Mexico’s leader demanded a halt to brewing in the country’s drought-stricken north, blasting the business model of making alcoholic drinks with water drawn from dwindling aquifers to slake thirsts on the other side of the US-Mexico border.
He called on brewers to produce their beer in the water-rich south and offered “total support” for those doing so. “This is not to say we’ll not produce any more beer, it’s to say that beer will not be produced in the north,” López Obrador said on Monday.
Mexico has become one of the world’s biggest beer exporters over the past decade thanks to the popularity of brands such as Corona, Modelo and Dos Equis. The country exported almost $5bn worth of beer in 2019, according to state statistics agency INEGI, about 94 per cent of it to US.
However, northern Mexico, which is home to a host of large breweries operated by Constellation Brands, AB InBev and Heineken among others, is gripped by one of the most severe droughts in recent memory.

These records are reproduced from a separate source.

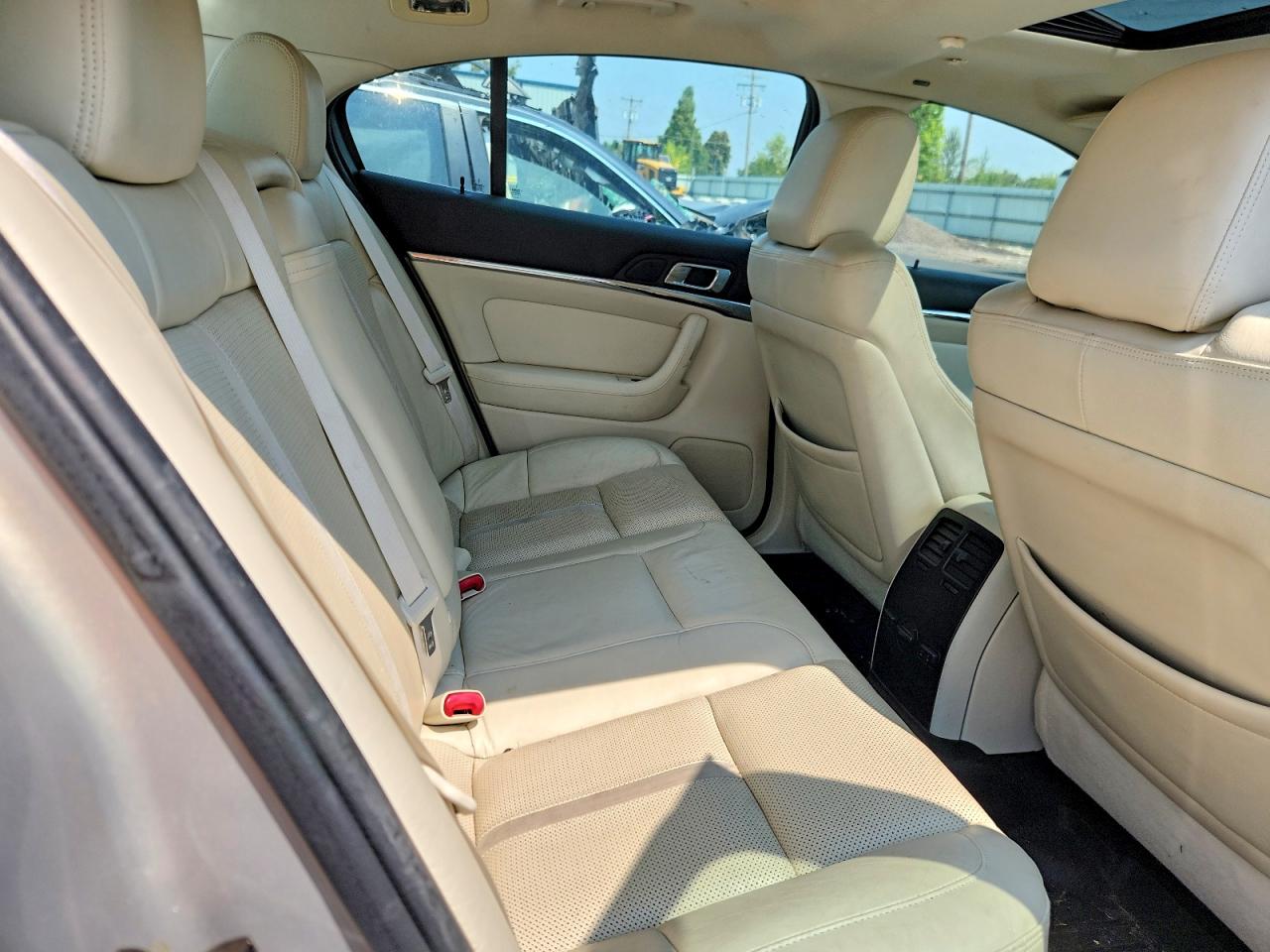 2009 Lincoln Mks Silver vin: 1LNHM93R69G606540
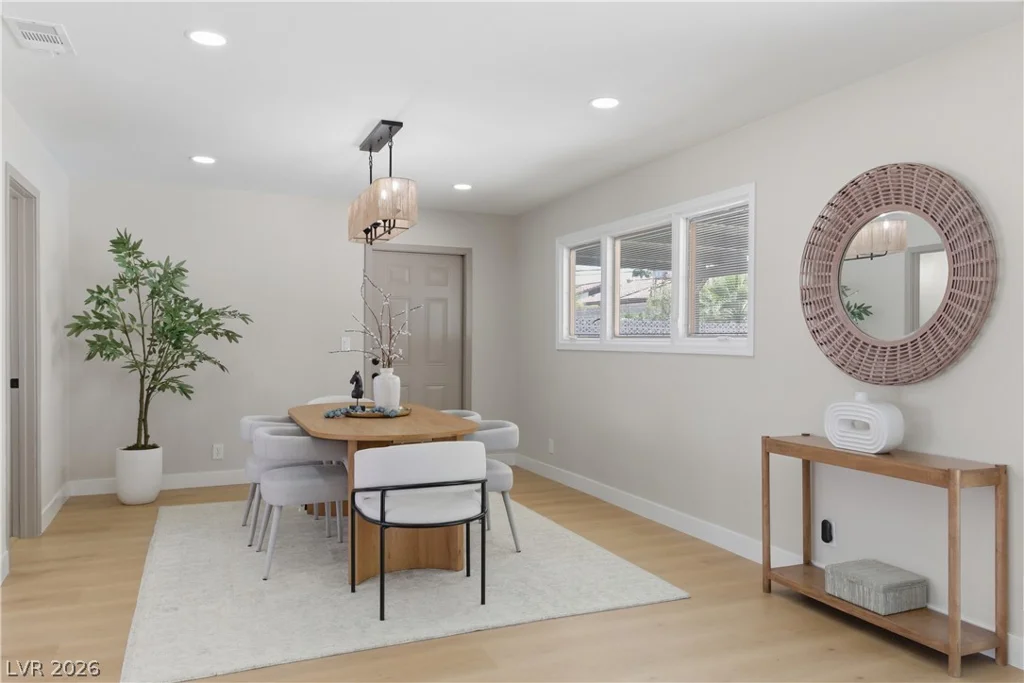 2000 Westlund, Las Vegas, NV 89102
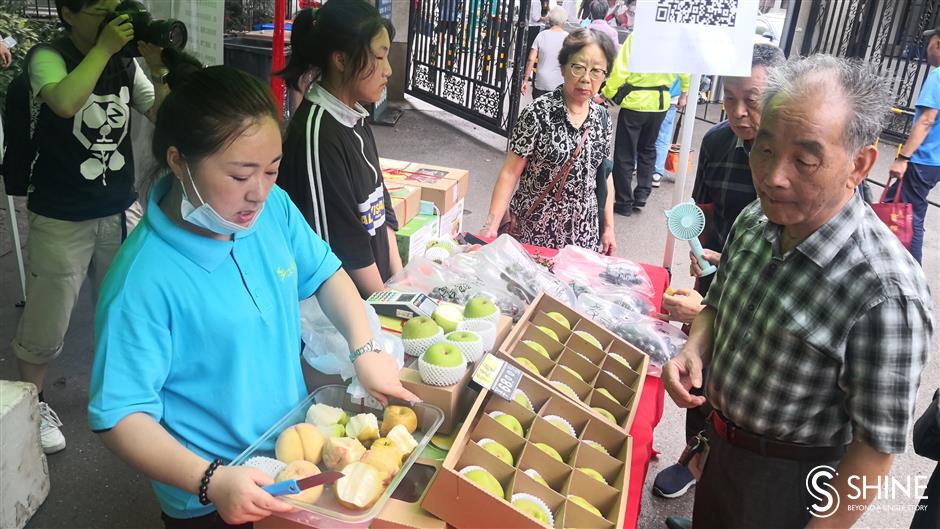 Best of countryside's summer fruit on sale in city parks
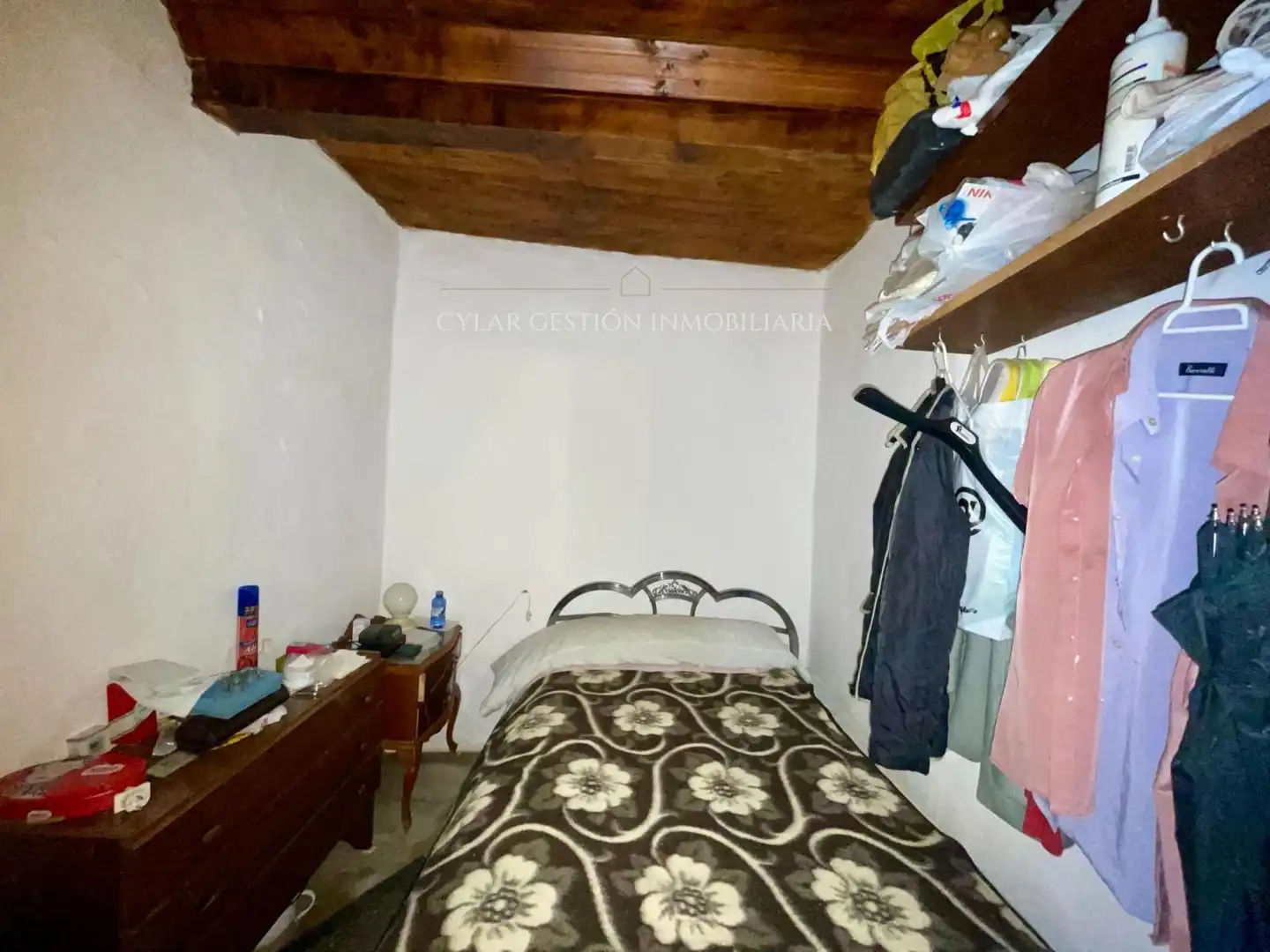 Habitación de Casa o chalet en venta en Monterrubio de Armuña con Terraza, Trastero y Piscina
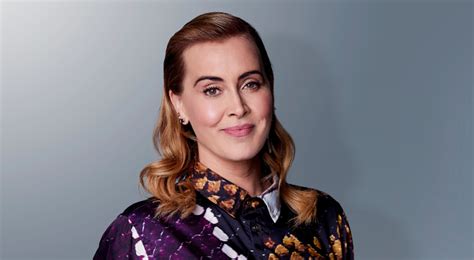 After her breakthrough in 1997 with the single nobody's wife, she had numerous hit singles in the dutch and belgian charts. Anouk gestrand in Marrakech: 'Ik ben de enige die over is ...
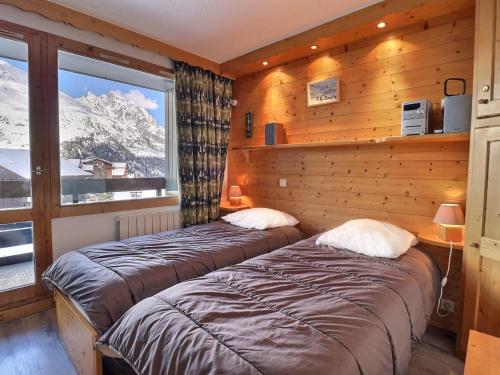 Studio divisible skis aux pieds, proche commerces, Wi-Fi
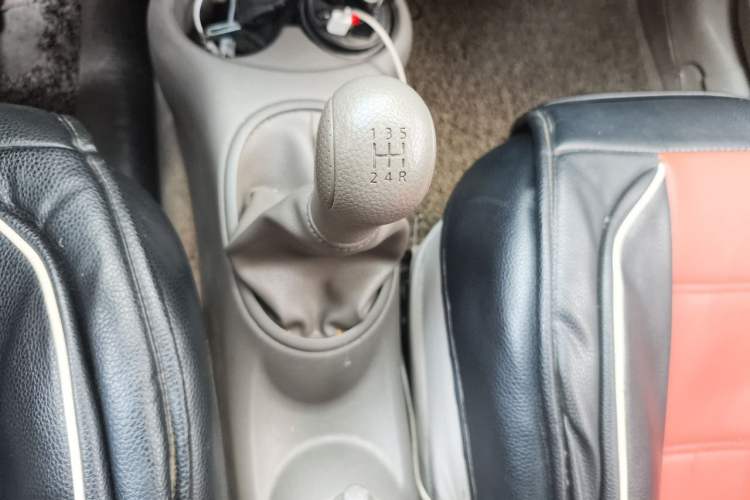 Used Nissan Sunny 2014 1.5XE Manual Comfort Edition Gear Lever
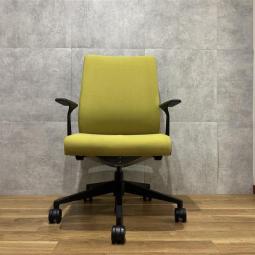 【即発送可能商品】【西】スチールケース（Steelcase）製　シンク（think）チェア　肘付　ハイバック　背面メッシュ　固定肘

The National Water Commission (Conagua) said 41 per cent of Mexico was now in drought, up from less than a quarter this time last year. Gonzalo Hatch Kuri, a geography professor at the National Autonomous University of Mexico, said: “All of the rain now during the rainy season falls in one or two days. And in the dry season it’s very tough drought conditions.”
Around the northern industrial city of Monterrey, reservoirs have evaporated and taps run dry, forcing some residents to wait in line with buckets for the tanker trucks that deliver fresh supplies.
“We’ve gone up to two months without water,” said Brenda Sánchez, a teacher living on the outskirts of the city.
Sánchez’s family cooks, washes and bathes with the water they haul back from a weekly tanker truck stop. Tempers often flare, she said, with residents fighting over water and blocking roads in an effort to force the government into taking the problem more seriously.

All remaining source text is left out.